Jim de Bree | An Interesting Tax Decision from SCOTUS

Jim de Bree
Jim de Bree

Last summer, I wrote two columns about a peculiar tax case that the Supreme Court decided to hear. Although the amount of tax involved in the case was less than $15,000, ruling in the taxpayer’s favor could have fundamentally gutted the Internal Revenue Code. 

A major part of the 2017 Tax Cuts and Jobs Act changed the way multinational corporations are taxed. The U.S. imposed taxes on corporations’ worldwide income, while most other countries taxed them solely on the income earned within the taxing jurisdiction. U.S. taxation of earnings of foreign corporate subsidiaries was deferred until those earnings were repatriated to the U.S.  

The TCJA changed the regime to a territorial approach where the U.S. generally taxes only domestic profits after 2017. Unfortunately, this transition was extremely costly. To help pay for this change, Congress imposed a one-time, backward-looking tax on income accumulated in foreign subsidiaries. That backward-looking tax is known as the Mandatory Repatriation Tax or MRT. 

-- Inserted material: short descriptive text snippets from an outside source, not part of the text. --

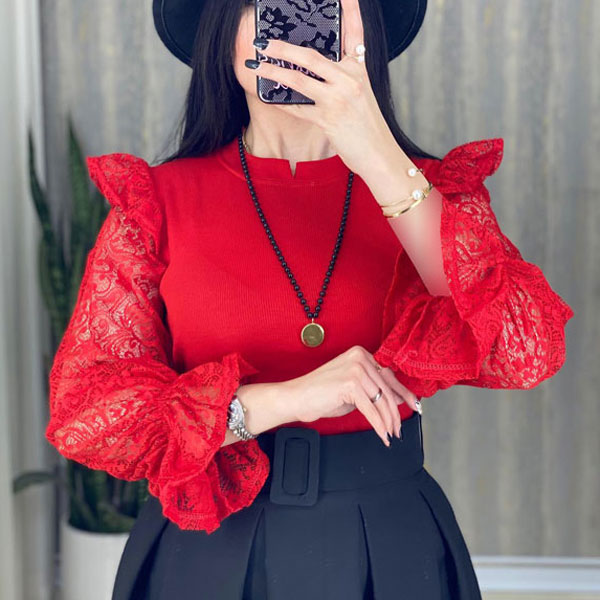 مدل شومیز یلدایی (8)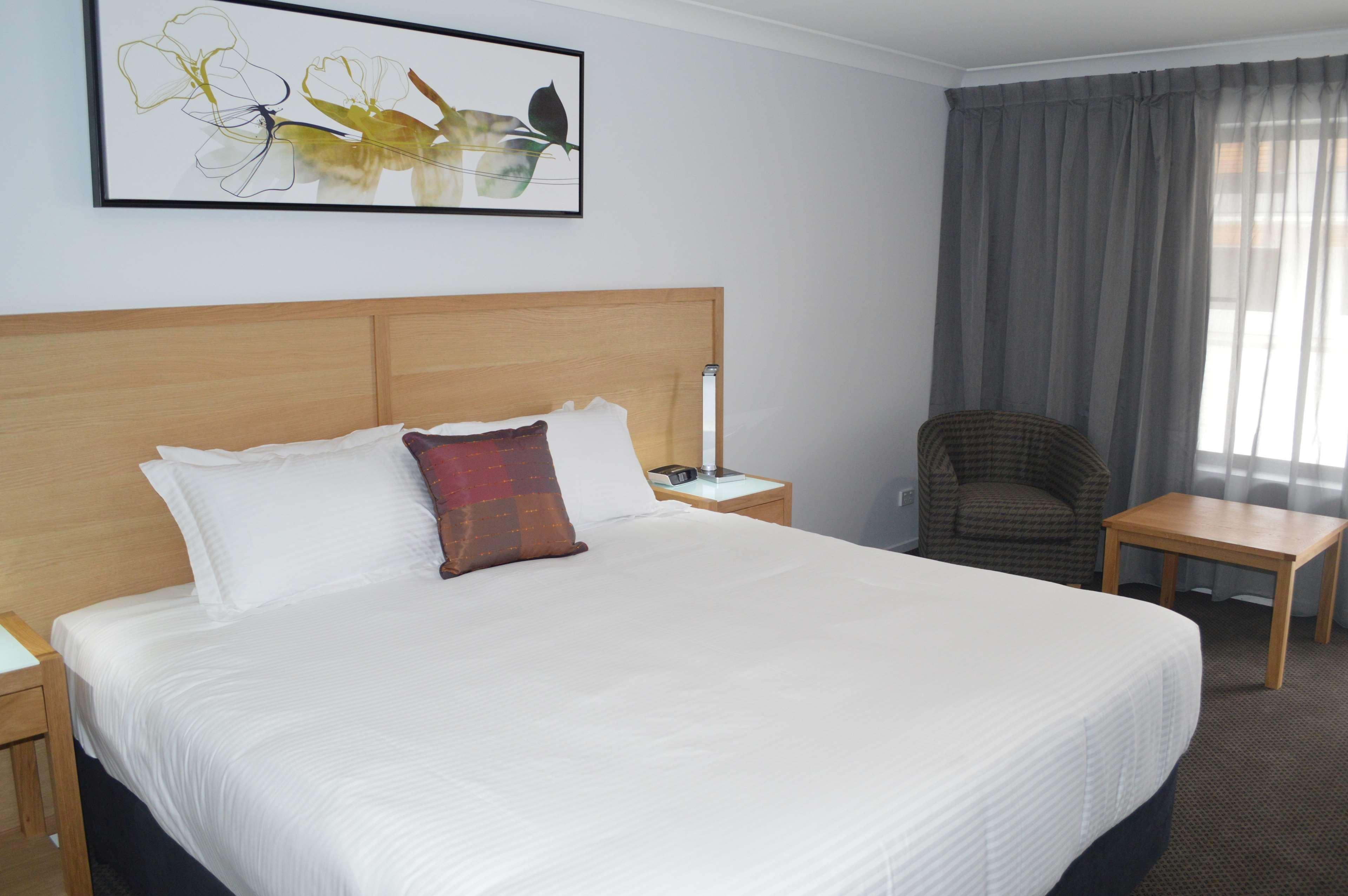 Best Western Club Quirindi Motel ภายนอก รูปภาพ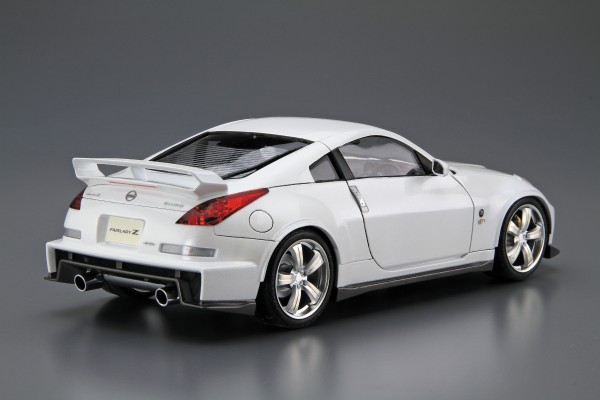 汽车模型系列 No.69 日产 Z33 Fairlady Z Nismo版 2007款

Charles Moore and his wife, a retired couple, owned an interest in a corporation based in India and were subject to a MRT of $14,729. They paid the tax and sued the U.S. government for a refund in the 9th Circuit District Court. Moore’s assertion that the MRT is unconstitutional was novel and controversial. Many tax scholars thought it was frivolous.  

The District Court ruled against Moore. Moore appealed the decision to the 9th Circuit Court of Appeals, which affirmed the lower court’s decision. Shortly thereafter, pro-business commentators wrote columns in the editorial pages of prominent newspapers, including the Wall Street Journal, suggesting that Moore should ask the Supreme Court to hear the case. 

Few tax scholars thought SCOTUS would agree to hear the case, but to almost everyone’s surprise they did. Numerous amicus briefs were filed on Moore’s behalf. The problems with the positions espoused in those briefs is that the logic applied to reach their conclusion is also applicable to dozens of other provisions in the Internal Revenue Code.  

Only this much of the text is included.